(Data extracted from a collection)
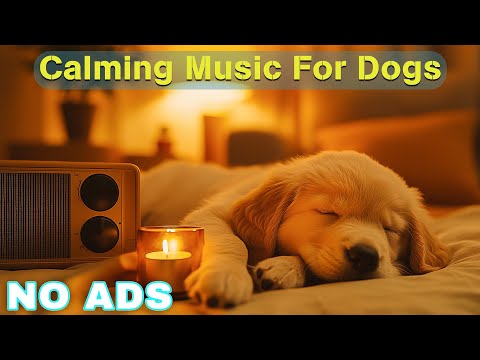 12 HOURS of Dog Calming Music For Dogs🎵💖Anti Separation Anxiety Relief Music🐶Sleep dog Healing🎵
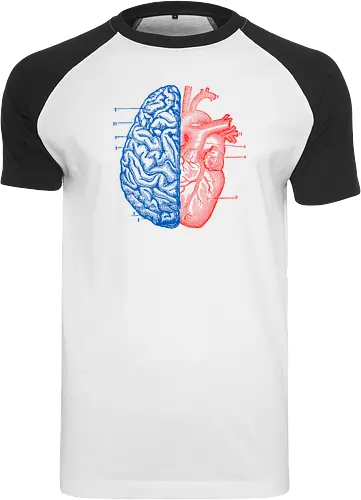 Heart and Brain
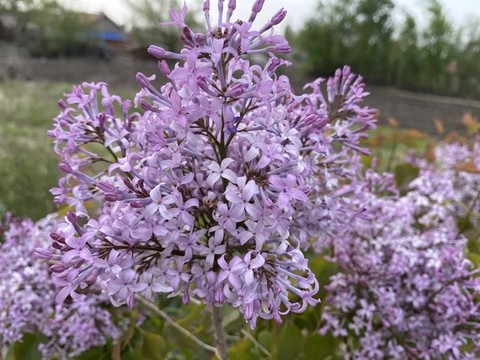 丁香花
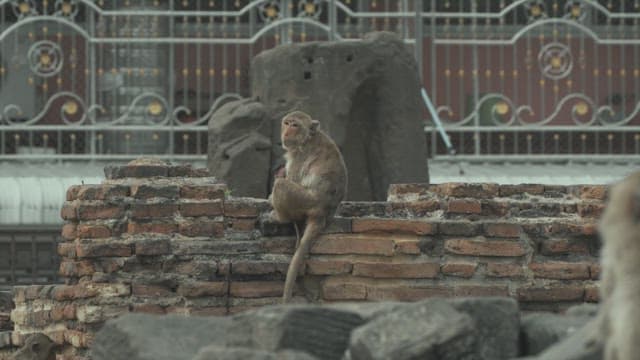 Monkeys Playing on a Stone Structure in Ancient Temple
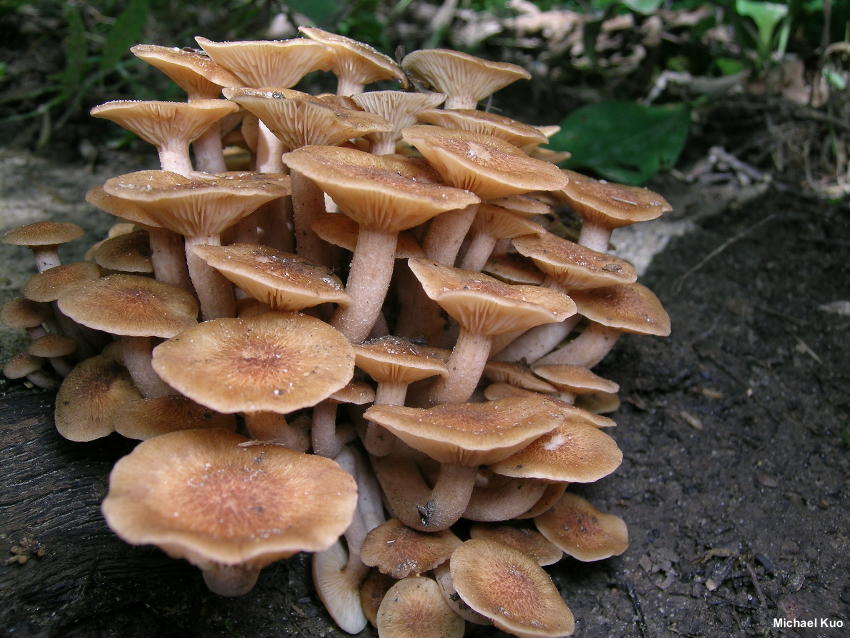 Identify Edible Mushrooms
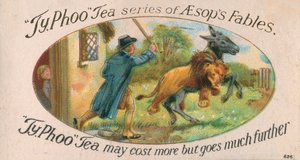 Aesop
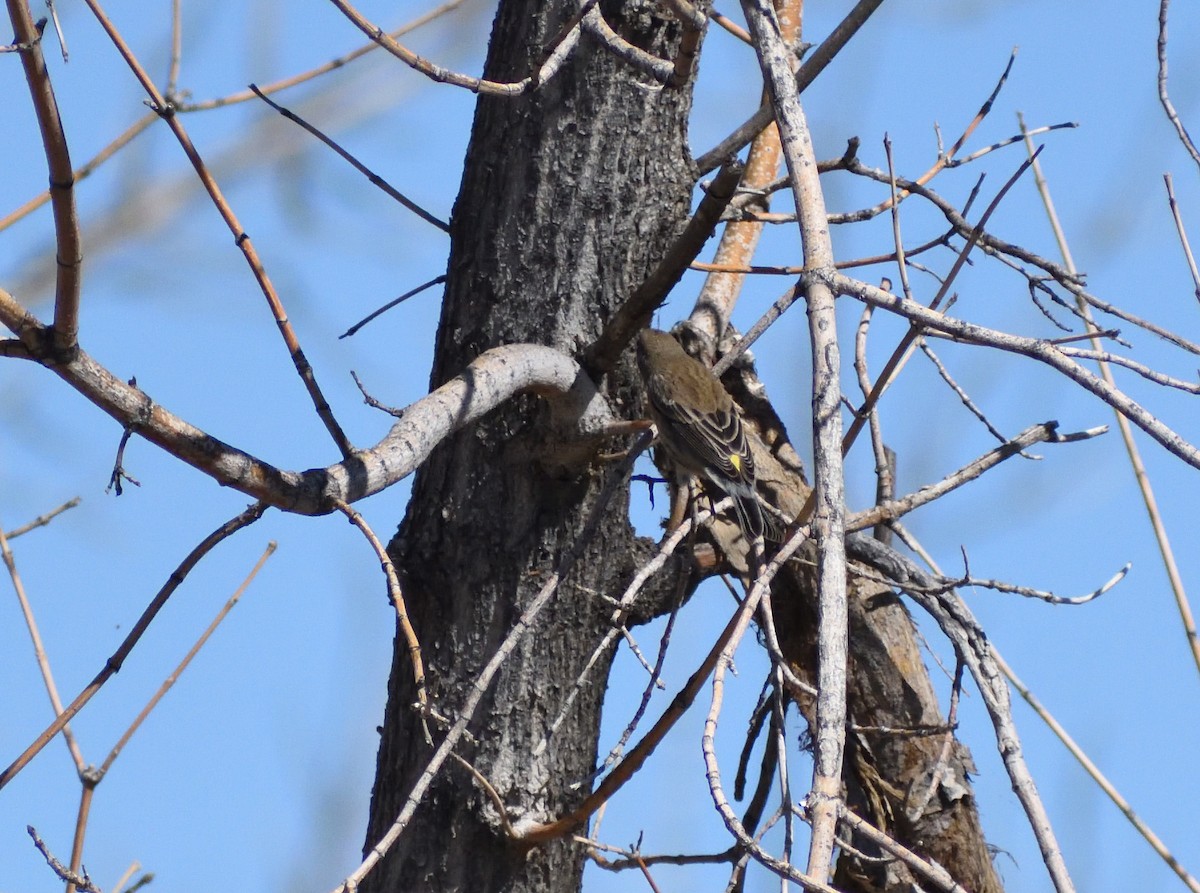 Yellow-rumped Warbler - ML646697233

_Your assignment_: Pictures do not belong in the copy. Please reproduce the entries above exactly otherwise.

_Result of the exercise_:
 12 HOURS of Dog Calming Music For Dogs🎵💖Anti Separation Anxiety Relief Music🐶Sleep dog Healing🎵
 Heart and Brain
 丁香花
 Monkeys Playing on a Stone Structure in Ancient Temple
 Identify Edible Mushrooms
 Aesop
 Yellow-rumped Warbler - ML646697233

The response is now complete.